Integrationsfonds-Prozess: „Hin und wieder muss man eine Kröte schlucken“
An sich hätte die Causa das Zeug dazu, die Republik zu bewegen: Es geht um Steuergeld in zweistelliger Millionen-Höhe. Es geht um den Verdacht schwerer Wirtschaftsstraftaten kombiniert mit dem Vorwurf der Freunderlwirtschaft. Die Angeklagten mögen zwar keine Seitenblicke-Promis sein, zählen aber teilweise zum Spannendsten, was der polit-wirtschaftliche Komplex in Österreich abseits des Scheinwerferlichts zu bieten hat. Und immerhin spazieren seit Monaten hochrangige aktive und ehemalige Ministerialbeamte ins Wiener Straflandesgericht, um als Zeugen in der insgesamt durchaus peinlichen Angelegenheit auszusagen.
Die Grundfrage: Hat der Österreichische Integrationsfonds (ÖIF) in den Jahren 2006 bis 2009 seine Wohnhäuser und Wohnung weit unter Wert verkauft und andere fragwürdige Deals im Immobilienbereich getätigt – zum Schaden der öffentlichen Hand, aber zum Nutzen eines kleinen Personenkreises aus Freunden und Freundesfreunden?
Prozess kommt nicht in Fahrt
profil berichtet seit September regelmäßig aus dem Gerichtssaal – eigentlich aus den Gerichtssälen, aber dazu später mehr. Heute, Freitag, ist der Prozess nach wochenlanger Pause ins Jahr 2025 gestartet. Aber so richtig kommt die Angelegenheit bisher nicht in Fahrt. Das liegt auch an der Historie der Causa, die sich bereits seit 2015 zieht. Die Probleme, zu welchen diese lange Dauer führt, zeigten sich am Freitag einmal mehr überdeutlich.

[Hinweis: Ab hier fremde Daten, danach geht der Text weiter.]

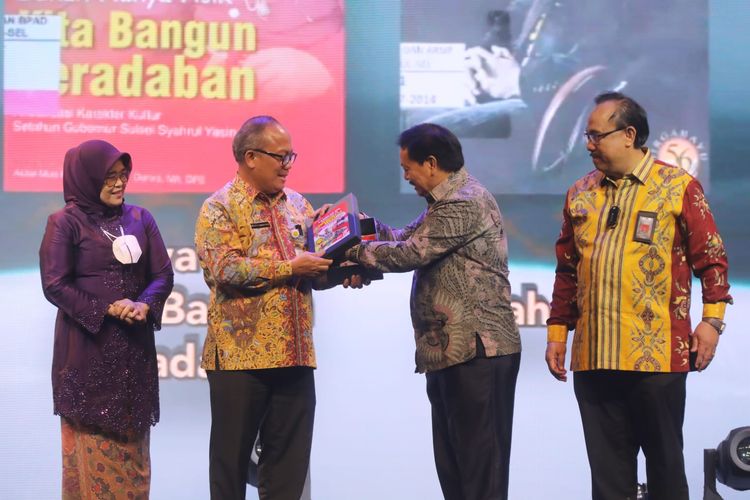 Penyerahan penghargaan Nugra Jasa Dharma Pustaloka kategori Pejabat Publik dari Perpustakaan Nasional (Perpusnas) Republik Indonesia (RI).
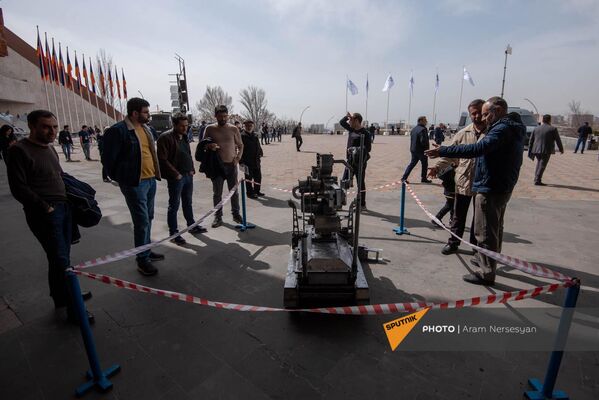 Ինժեներ Վահան Իսաջանյանի ստեղծած ռոբոտ-զինվորը - Sputnik Արմենիա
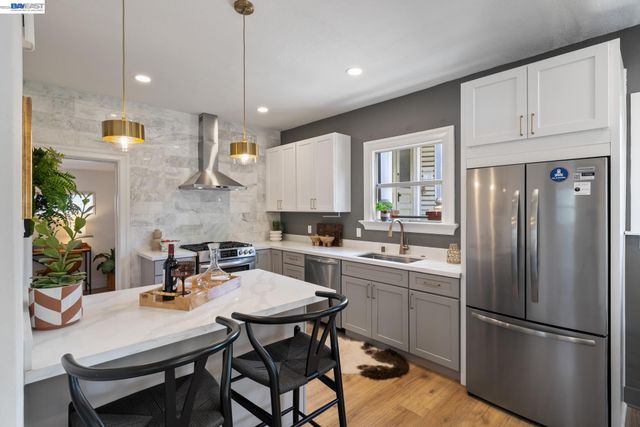 2617 Santa Clara Ave, Alameda, CA 94501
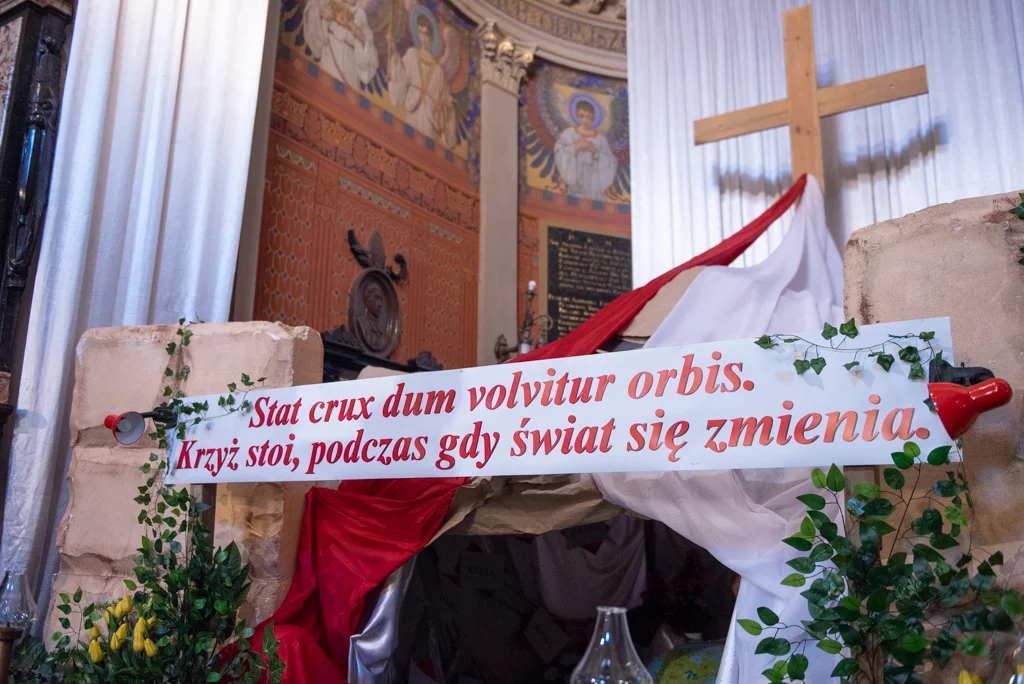 "Krzyż stoi, podczas gdy świat się zmienia". Groby Pańskie w płockich kościołach [ZDJĘCIA]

Zunächst wurde ein Beamter aus dem Finanzministerium als Zeuge befragt. Der Mann war im relevanten Zeitraum Kuratoriumsmitglied des ÖIF gewesen. In diesem Gremium wurden besonders wichtige Entscheidungen abgesegnet – etwa die fraglichen Immobiliendeals. Allerdings hat die Wirtschafts- und Korruptionsstaatsanwaltschaft (WKStA) kein einziges der Kuratoriumsmitglieder angeklagt, sondern stattdessen den damaligen Geschäftsführer des Fonds, der für die operative Abwicklung zuständig war. Ihm wird vorgeworfen, das Kuratorium getäuscht zu haben – etwa in Bezug auf den wahren Wert der Immobilien. Er bestreitet – wie alle anderen Angeklagten auch – sämtliche Vorwürfe.
Entschleunigende Wirkung
Der Beamte aus dem Kuratorium wurde am Freitag nicht zum ersten Mal zur Sache befragt, sondern war auch schon von der Staatsanwaltschaft im Zuge des langen Ermittlungsverfahren einvernommen worden. Allerdings ist das Gericht angehalten, sich bei wichtigen Zeugen einen persönlichen Eindruck zu verschaffen. Faktisch führte das zu der Situation, dass Richter Michael Tolstiuk mit dem Mann dessen Einvernahmeprotokoll aus dem Jahr 2017 durchging, um so zu Aussagen über Wahrnehmungen zu gelangen, die der Zeuge im Jahr 2006 gehabt hat. Dass das eine entschleunigende Wirkung hat, liegt auf der Hand. Auch bei den meisten anderen Zeugen ist das zumindest ähnlich.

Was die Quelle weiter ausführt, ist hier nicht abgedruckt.